Il n’en demeure pas moins que la guerre du Golfe va avoir un impact direct sur la structure de forces saoudienne. En plus d’évolutions majeures dans le secteur de la défense aérienne (voir p. 64), de nouveaux contrats se profilent. Le Congrès n’est plus réticent à l’achat de F-15C/D et la demande saoudienne faite en 1989 et initialement refusée est honorée. Le contrat Al-yamamah II, en 1993, porte sur 48 nouveaux Tornado IDS. La RSAF
cherche alors à accroître ses capacités d’attaque. Elle s’intéresse rapidement au F-15E, mais le Congrès juge l’exportation de l’appareil trop sensible. Il est un temps question d’une version d’attaque monoplace (F-15F), un projet abandonné, le Congrès s’y opposant toujours. Finalement, 72 F-15S sont commandés en dépit des protestations israéliennes. Ils sont pratiquement identiques aux F-15E Strike Eagle américains, mais les performances du radar APG-70 sont bridées. Ces appareils sont livrés entre 1996 et 1998.
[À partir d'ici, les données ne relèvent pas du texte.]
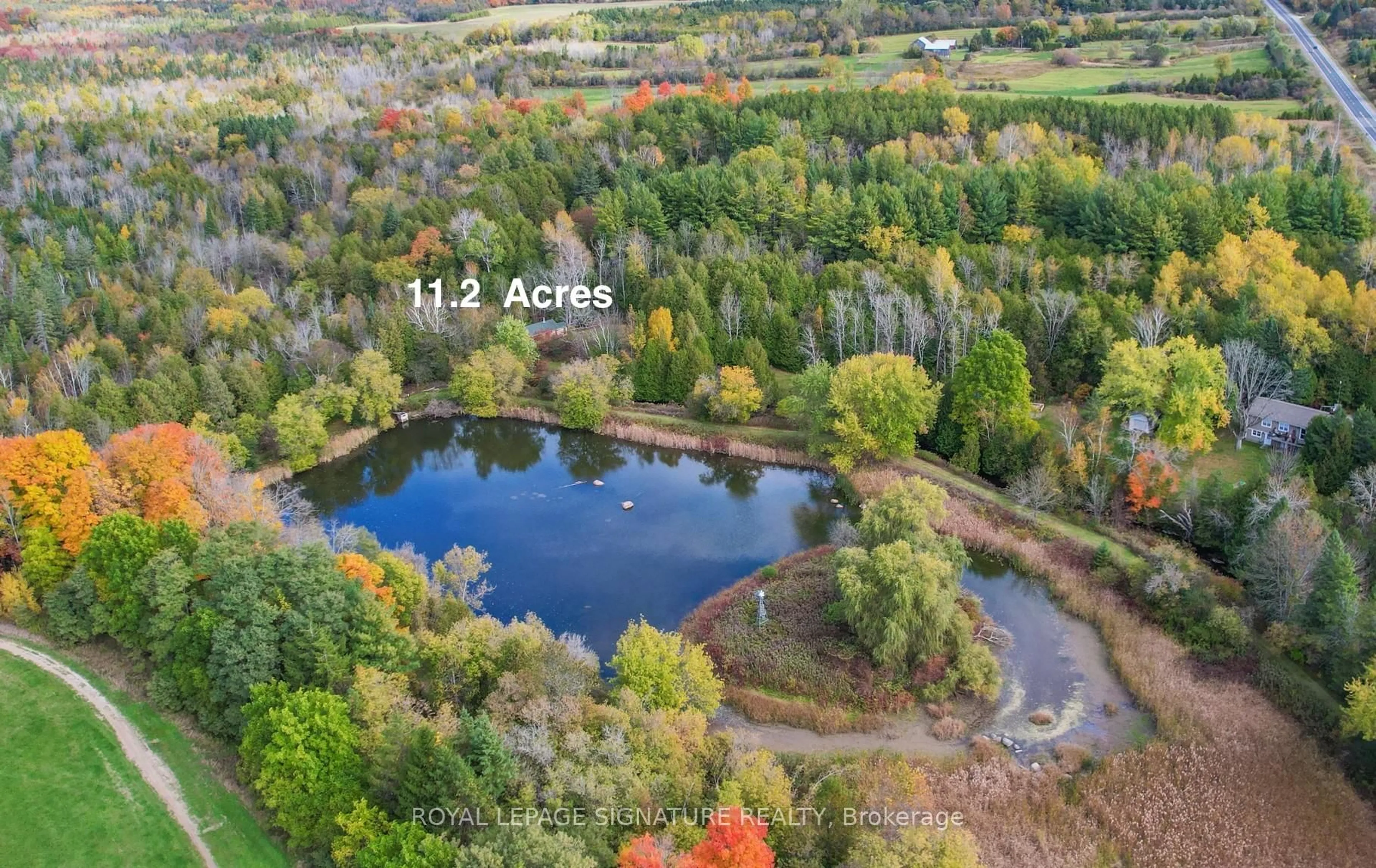 A pic from outside/outdoor area/front of a property/back of a property/a pic from drone, water/lake/river/ocean view for 120 HWY 7A, Cavan Monaghan Ontario L0A 1C0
Reste qu’au début des années 2000 la situation n’apparaît guère comme brillante. Le processus de « saoudisation » de la formation et de l’entretien connaît des difficultés. Conduit dès le milieu des années 1990, il est aggravé par la baisse brutale des prix du pétrole de 1997, qui impose à la RSAF de réduire ses frais en matière de soutien extérieur. En conséquence, les taux d’indisponibilité et d’accidents augmentent. La gestion des ressources humaines est également problématique du fait de processus de promotion lents et parfois opaques; tout comme l’entraînement, en particulier aux profils de mission les plus délicats. En fin de compte, dès cette époque, l’essentiel de la flotte de F-5, y compris les RF-5 de reconnaissance, est considéré comme non opérationnel. Les stocks de munitions ne sont plus guère entretenus ou modernisés. Plus largement, la capacité de la RSAF à mener des opérations aériennes de manière intégrée avec les autres armées est virtuellement nulle (4).
Les années 2010
Pour autant, la course à la modernisation matérielle ne cesse pas. En 2006, Riyad commande ses premiers missiles de croisière Storm Shadow, destinés à équiper, au moins dans un premier temps, ses Tornado. Environ 300 engins seraient prévus, avec en ligne de mire la menace iranienne, qui devient alors plus pressante, tant sur le plan balistique que sur celui de la prolifération nucléaire. Les Tornado saoudiens entrent eux-mêmes dans un processus de modernisation devant les rapprocher du standard GR4, une attention particulière étant portée aux emports de munitions et aux capteurs. L’année suivante, ils seront pour la première fois engagés dans un exercice en dehors de la région du Golfe, au Royaume-uni, comportant la conduite de sorties avec les Britanniques et sous la supervision d’un E-3D.
En août 2006, un contrat est signé, toujours avec le Royaume-uni, pour la livraison de 72 Eurofighter Typhoon de la Tranche 2, renégocié en 2011 de manière que les 24 derniers soient de la Tranche 3. Ils remplacent les F-5, mais aussi des Tornado ADV, et bénéficient également d’un soutien industriel. Les derniers appareils sont livrés en juin 2017. La possibilité d’un achat supplémentaire de 48 Typhoon a été évoquée en 2016. Utilisés contre l’état islamique en Syrie, en 2015, ils ont frappé des objectifs avec des bombes à guidage laser Paveway IV. Riyad conserve donc sa ligne d’approvisionnement britannique. Pour autant, la stratégie des moyens cherche aussi l’équilibre avec Washington. C’est l’un des facteurs expliquant le mégacontrat portant sur 84 F-15SA et la modification au même standard des 70 F-15S déjà achetés, de même que des munitions associées.